Background: Crematoria is a scorched and scorching planet in the 2004 sci-fi movie Chronicles of Riddick starring Vin Diesel. It is so hot that when the sun cracks over the horizon every morning it fries living beings. Nights on Crematoria are so dark and cold they were also dangerous, and of course that’s when Riddick and his motley band would fight the Necromancers, the death-besotted bad guys. The movie was popular for its time although reviews were negative.
Catch phrases from the Chronicles are “If you can’t keep up, don’t step up (Riddick).” There’s also “Keep what you kill (Necromancer motto)” which hasn’t quite made it into popular lingo.
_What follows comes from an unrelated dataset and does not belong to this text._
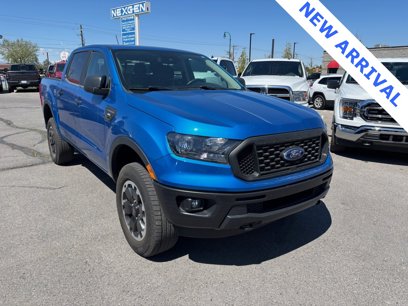 Used 2021 Ford Ranger XL w/ Equipment Group 101A High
Today I’m here to draw parallels between Crematoria and South Florida. There’s a new metric used by television meteorologists and that is the “feel-like” temperature. A 10 a.m. temperature of 94F for example, would translate to 102F in feels-like numbers. These numbers which are based on humidity and other slimy factors, are never lower and never pleasant yet they ring of an intuitive truth that is hard to deny.
Mosquitos and other pests love this weather so when a blow-dried and highly groomed tv weather person announces a feels-like temperature of 104F, it is like a call to arms for bugs which are prehistoric in appearance and very large. Each pest has its own predator so the number of snakes and raptors and other creatures who deserve their own sci-fi films seems to be increasing.
There are other action films that seem to predict the future: Terminator (1984) loosely portrayed the rise of AI, and Die Hard (1988) showed a terrorist attack in Los Angeles that predates 9-11 by decades.
As a resident of Crematoria, who can’t keep up and doesn’t want to step up or keep what she kills, I hope Chronicles of Riddick isn’t predicting the final effects of climate change.